I get excited when writing about True Best Friends and especially about why True Best Friends-Don't Lie. That is to each other!! No, not anyone should lie period but I am almost sure we all have. Is it ever necessary to lie to a friend, my answer is simply, no! I am probably being a little forward here in telling you what I think but for me there is no circumstance that would be best to tell my True Best Friend a lie. I know what your are thinking here. You are thinking that I am wanting to possibly hurt someone by telling them an awful truth they did not know about their spouse and it make their life miserable or possibly causing an action that could effect the rest of their life. No, don't lie but sometimes it is best to "shut your mouth" and "mind your own business". Having said that; this would be a situation that I for one would pray about intensely. There may be times when the circumstance are not good anyway, there may be times when you may think someone else's life is one way and it be totally different than preceived. True Best Friends are sometimes strange as to what they reveal about their personal relationships. For one reason or another they do not tell the whole story, not so much a lie, but what goes on at home, they leave at home. This is not all bad and a very good idea in so many instances. Also, a True Best Friend may think that they do not feel an emotion when telling you they don't care about something within their relationship,when really it is all about their frame of mind at that moment. For instance; Jane may say she doesn't care if Johnny finds a new women friend because she is unhappy anyway. Jane may have had a argument that day and is feeling a little remorse "only". Most any spouse does care about these kinds of things, period, dot. Let it happen and you will find out. You have to be sure, you know what you think know.
It is not considered a lie to "keep your mouth shut". I do not feel that you should willfully hurt someone when you do not know all of the circumstances. It could have been a one night stand...ONE. Should it have happened? I won't even answer that...you know that one already. It might not ever happen again, and for someone who absolutely has no pattern or shown any kind of clue, it probably will not. I have seen this happen. I do not think it is my duty to play God. This day and time, telling a friend their spouse is unfaithful could be the worst thing one could do. This I say because I have seen some circumstances that it would have been better if they found it out themselves or never knew it at all.
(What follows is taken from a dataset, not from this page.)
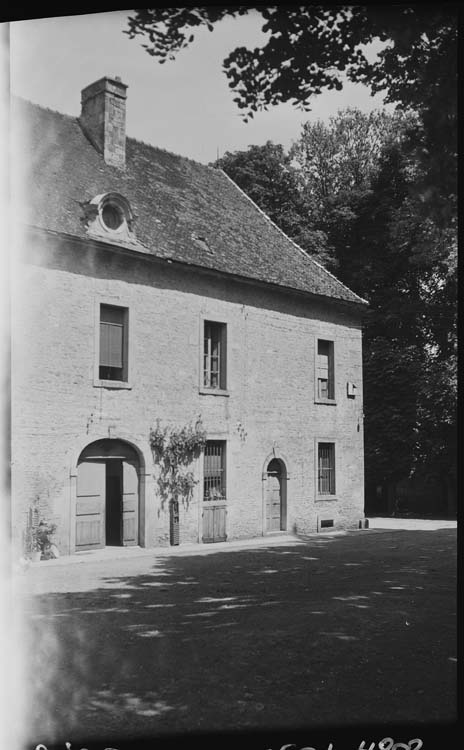 Façade des communs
To other areas that call for the truth no matter what, I say that if a friend needs to change the the way she dresses, I am probably going to tell her, if she ask. If my friend needs to be a better wife and she ask my opinion, I am going to tell her the truth. True Best Friends-Don't Lie when ask for the truth and when the truth will help them, it should be given. I try to speak the truth when it is necessary always, but then again I can find other ways to say what needs to be said without hurting them more than is necessary. That is at the heart of doing what is right. We should never want to cause someone grief or hurt their feeling. On serious matters, we just have to know when to speak and when not to speak. True Best Friends don't lie but neither do they compromise their friendship by being almighty. What is love?
My opinions are my opinions and they may not agree with yours. I do not think I have all of the secrets to the actions of True Best Friends and when they should not lie. I do believe that if you love someone and you know they are hurting themselves by their actions, you should always speak the truth to help them. Somethings are better left unsaid, I have learned this the hard way. The most difficult part of being True Best Friends and not lying, is to know when something is better left alone.